─── DATA SEGMENT

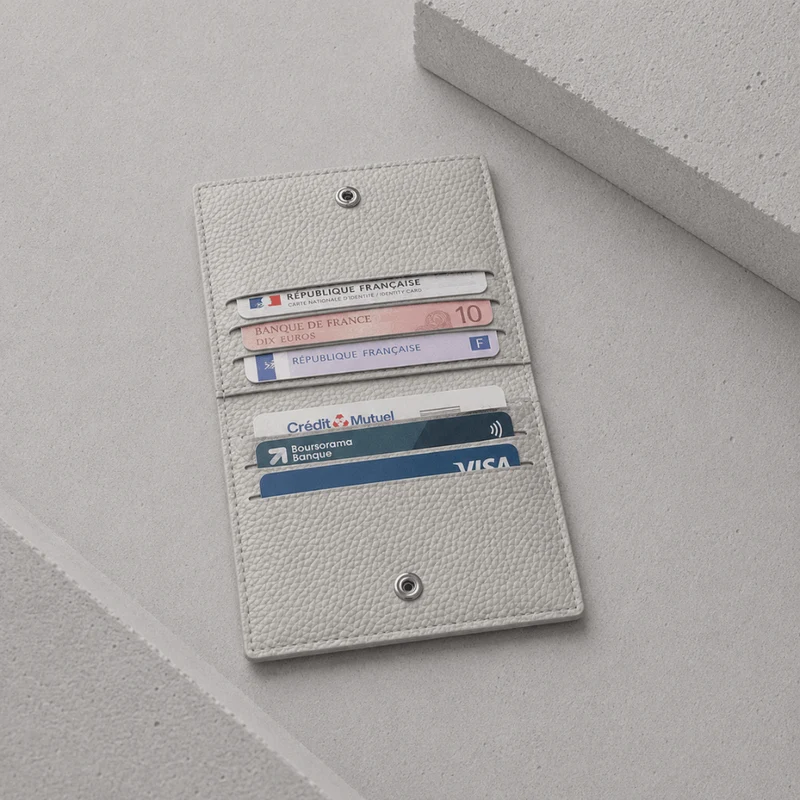 Porte-Cartes Homme en Cuir de Vache Véritable à Rabat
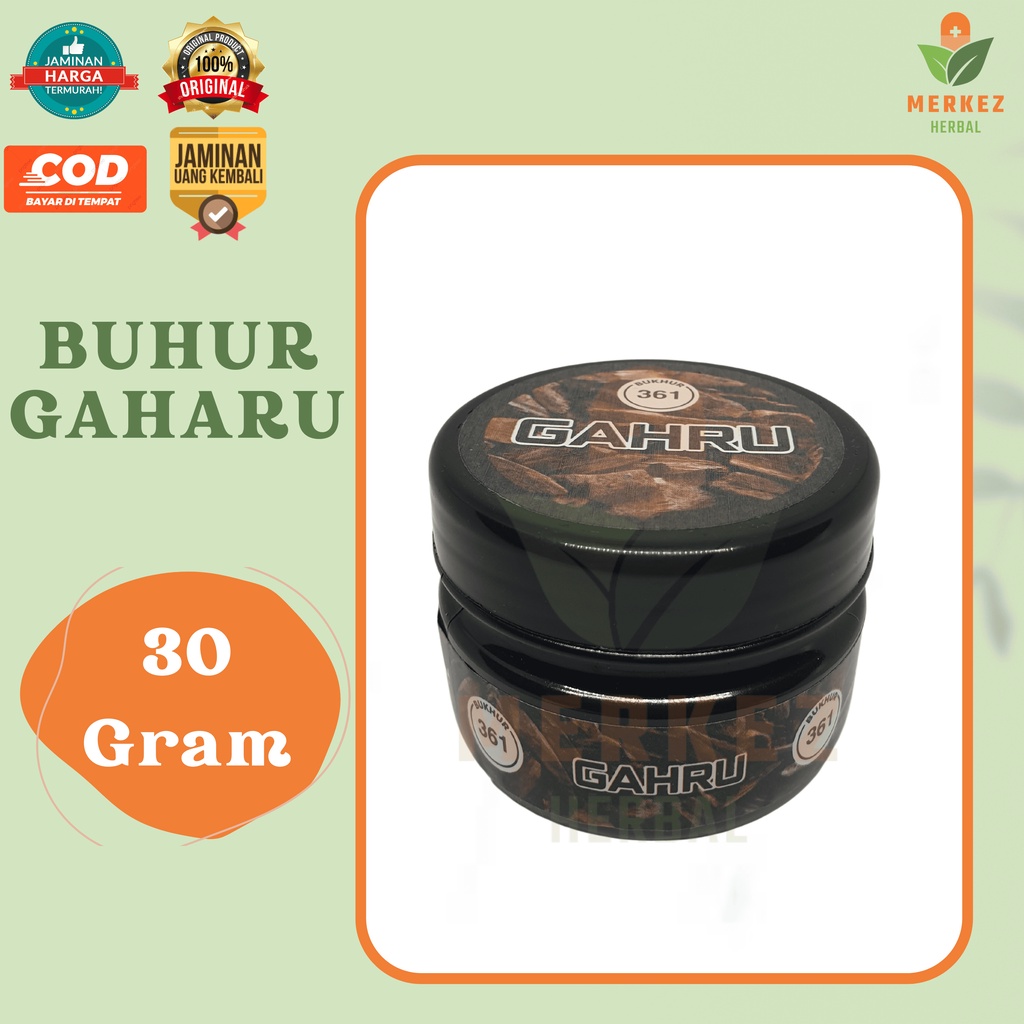 Buhur Bukhur Dupa Arab Gaharu 30 Gram - Bakhoor Bukhoor Bukhor Bakhor Gaharu Gahru Asli Wangi Original Arf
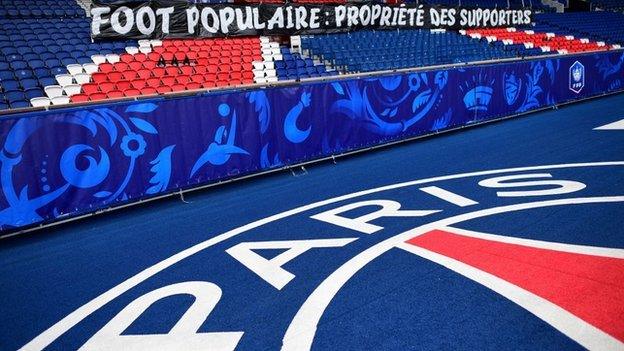 A banner at the Parc des Princes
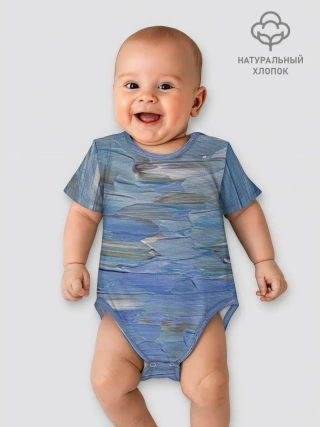 Детское боди / Мазки красок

──────

* WHAT IS EXPECTED *
Excluding pictures, print all lines above exactly.

* FINISHED EXERCISE *
 Porte-Cartes Homme en Cuir de Vache Véritable à Rabat
 Buhur Bukhur Dupa Arab Gaharu 30 Gram - Bakhoor Bukhoor Bukhor Bakhor Gaharu Gahru Asli Wangi Original Arf
 A banner at the Parc des Princes
 Детское боди / Мазки красок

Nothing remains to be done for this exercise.